PROBLEM: The lines to repeat are those below from the one containing "2026 GENESIS GV70 Select" down to the one containing "Patriots coach Mike", both included; reproduce them exactly and nothing else.

DATASET EXTRACT:
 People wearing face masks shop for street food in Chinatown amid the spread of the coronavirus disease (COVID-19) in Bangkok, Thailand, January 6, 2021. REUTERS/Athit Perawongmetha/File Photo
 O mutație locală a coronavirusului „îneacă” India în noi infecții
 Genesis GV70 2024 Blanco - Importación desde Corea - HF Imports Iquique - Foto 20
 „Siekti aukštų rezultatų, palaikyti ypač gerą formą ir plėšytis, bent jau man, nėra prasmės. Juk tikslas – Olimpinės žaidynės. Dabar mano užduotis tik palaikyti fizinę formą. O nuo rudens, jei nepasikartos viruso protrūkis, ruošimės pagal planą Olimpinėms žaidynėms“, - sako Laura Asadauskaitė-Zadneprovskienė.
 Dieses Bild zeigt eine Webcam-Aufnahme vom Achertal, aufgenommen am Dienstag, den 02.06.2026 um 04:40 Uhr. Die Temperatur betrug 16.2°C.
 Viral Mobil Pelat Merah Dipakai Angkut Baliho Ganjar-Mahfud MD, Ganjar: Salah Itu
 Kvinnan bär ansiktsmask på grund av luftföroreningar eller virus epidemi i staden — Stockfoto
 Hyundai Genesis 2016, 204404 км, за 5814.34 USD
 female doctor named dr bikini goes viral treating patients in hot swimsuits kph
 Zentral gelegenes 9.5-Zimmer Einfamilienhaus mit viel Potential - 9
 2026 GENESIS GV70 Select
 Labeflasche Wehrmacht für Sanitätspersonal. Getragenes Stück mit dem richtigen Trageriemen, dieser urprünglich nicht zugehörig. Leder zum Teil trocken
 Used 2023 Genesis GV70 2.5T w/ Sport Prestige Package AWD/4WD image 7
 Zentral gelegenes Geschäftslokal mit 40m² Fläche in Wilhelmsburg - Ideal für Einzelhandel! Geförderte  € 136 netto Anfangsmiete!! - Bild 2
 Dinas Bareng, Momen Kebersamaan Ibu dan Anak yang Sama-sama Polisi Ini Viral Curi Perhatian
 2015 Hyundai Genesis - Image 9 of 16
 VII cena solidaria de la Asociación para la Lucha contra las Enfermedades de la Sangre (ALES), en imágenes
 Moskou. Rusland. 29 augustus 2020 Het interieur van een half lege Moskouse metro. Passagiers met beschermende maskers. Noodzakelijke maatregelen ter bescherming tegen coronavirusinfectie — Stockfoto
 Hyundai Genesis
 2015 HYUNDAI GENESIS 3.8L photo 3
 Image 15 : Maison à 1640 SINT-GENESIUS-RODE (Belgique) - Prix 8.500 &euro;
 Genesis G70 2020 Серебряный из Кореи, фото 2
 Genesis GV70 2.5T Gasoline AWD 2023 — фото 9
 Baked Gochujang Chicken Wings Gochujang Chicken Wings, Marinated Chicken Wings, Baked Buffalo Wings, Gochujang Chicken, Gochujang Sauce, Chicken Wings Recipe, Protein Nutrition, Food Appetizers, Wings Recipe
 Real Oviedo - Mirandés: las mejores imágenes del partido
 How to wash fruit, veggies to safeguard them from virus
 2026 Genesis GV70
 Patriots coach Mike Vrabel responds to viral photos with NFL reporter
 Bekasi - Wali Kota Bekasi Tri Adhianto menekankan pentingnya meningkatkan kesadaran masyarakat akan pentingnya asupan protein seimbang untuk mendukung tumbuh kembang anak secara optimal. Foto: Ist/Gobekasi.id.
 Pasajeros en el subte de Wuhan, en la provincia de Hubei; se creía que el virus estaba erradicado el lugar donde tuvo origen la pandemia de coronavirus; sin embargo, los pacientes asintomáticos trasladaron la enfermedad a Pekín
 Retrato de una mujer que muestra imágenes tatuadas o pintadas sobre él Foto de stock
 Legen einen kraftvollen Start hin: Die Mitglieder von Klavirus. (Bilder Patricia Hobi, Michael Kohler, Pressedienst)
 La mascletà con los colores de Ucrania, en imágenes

OUTPUT BELOW:
 2026 GENESIS GV70 Select
 Labeflasche Wehrmacht für Sanitätspersonal. Getragenes Stück mit dem richtigen Trageriemen, dieser urprünglich nicht zugehörig. Leder zum Teil trocken
 Used 2023 Genesis GV70 2.5T w/ Sport Prestige Package AWD/4WD image 7
 Zentral gelegenes Geschäftslokal mit 40m² Fläche in Wilhelmsburg - Ideal für Einzelhandel! Geförderte  € 136 netto Anfangsmiete!! - Bild 2
 Dinas Bareng, Momen Kebersamaan Ibu dan Anak yang Sama-sama Polisi Ini Viral Curi Perhatian
 2015 Hyundai Genesis - Image 9 of 16
 VII cena solidaria de la Asociación para la Lucha contra las Enfermedades de la Sangre (ALES), en imágenes
 Moskou. Rusland. 29 augustus 2020 Het interieur van een half lege Moskouse metro. Passagiers met beschermende maskers. Noodzakelijke maatregelen ter bescherming tegen coronavirusinfectie — Stockfoto
 Hyundai Genesis
 2015 HYUNDAI GENESIS 3.8L photo 3
 Image 15 : Maison à 1640 SINT-GENESIUS-RODE (Belgique) - Prix 8.500 &euro;
 Genesis G70 2020 Серебряный из Кореи, фото 2
 Genesis GV70 2.5T Gasoline AWD 2023 — фото 9
 Baked Gochujang Chicken Wings Gochujang Chicken Wings, Marinated Chicken Wings, Baked Buffalo Wings, Gochujang Chicken, Gochujang Sauce, Chicken Wings Recipe, Protein Nutrition, Food Appetizers, Wings Recipe
 Real Oviedo - Mirandés: las mejores imágenes del partido
 How to wash fruit, veggies to safeguard them from virus
 2026 Genesis GV70
 Patriots coach Mike Vrabel responds to viral photos with NFL reporter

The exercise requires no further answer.